◆ SOURCE MATERIAL ◆
※
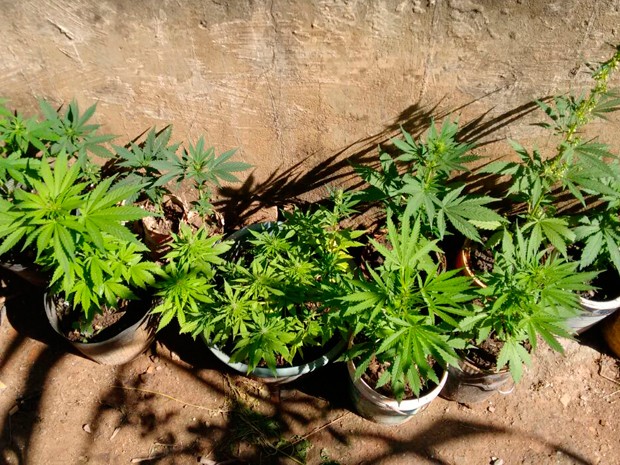 Pés de maconhas são apreendidos em Belo Horizonte (Foto: PMMG/Divulgação)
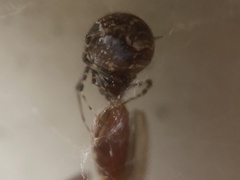 Parasteatoda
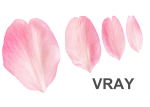 Flying Petals Pack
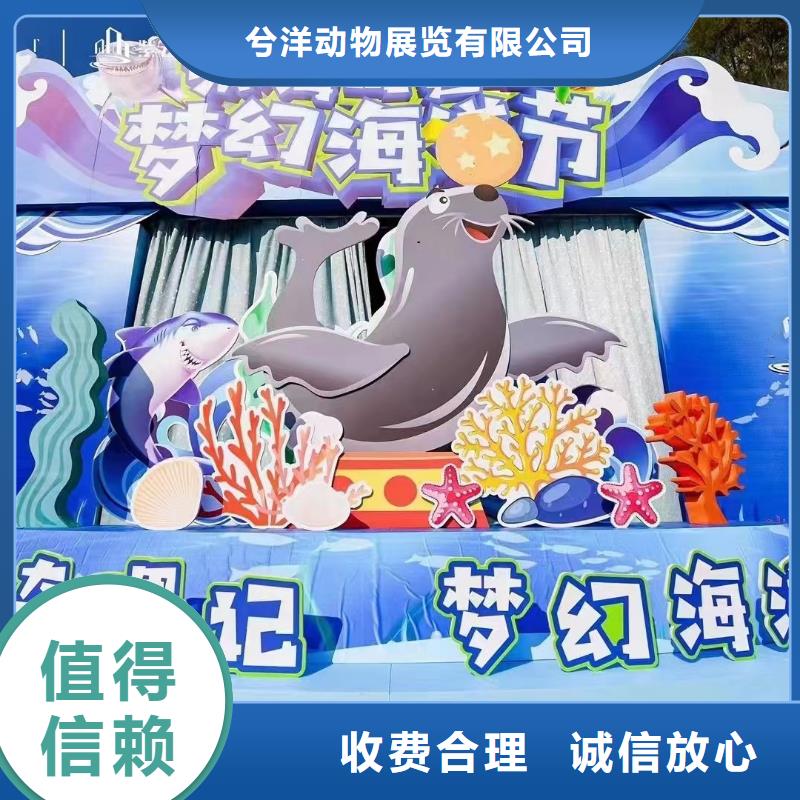 重信誉海洋生物展出租厂家价格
※
◆ EXERCISE DETAILS ◆
The result is an exact copy of the lines from the one holding "Parasteatoda" through the final line of the data above, both ends included, minus the pictures.

◆ WRITTEN SOLUTION ◆
 Parasteatoda
 Flying Petals Pack
 重信誉海洋生物展出租厂家价格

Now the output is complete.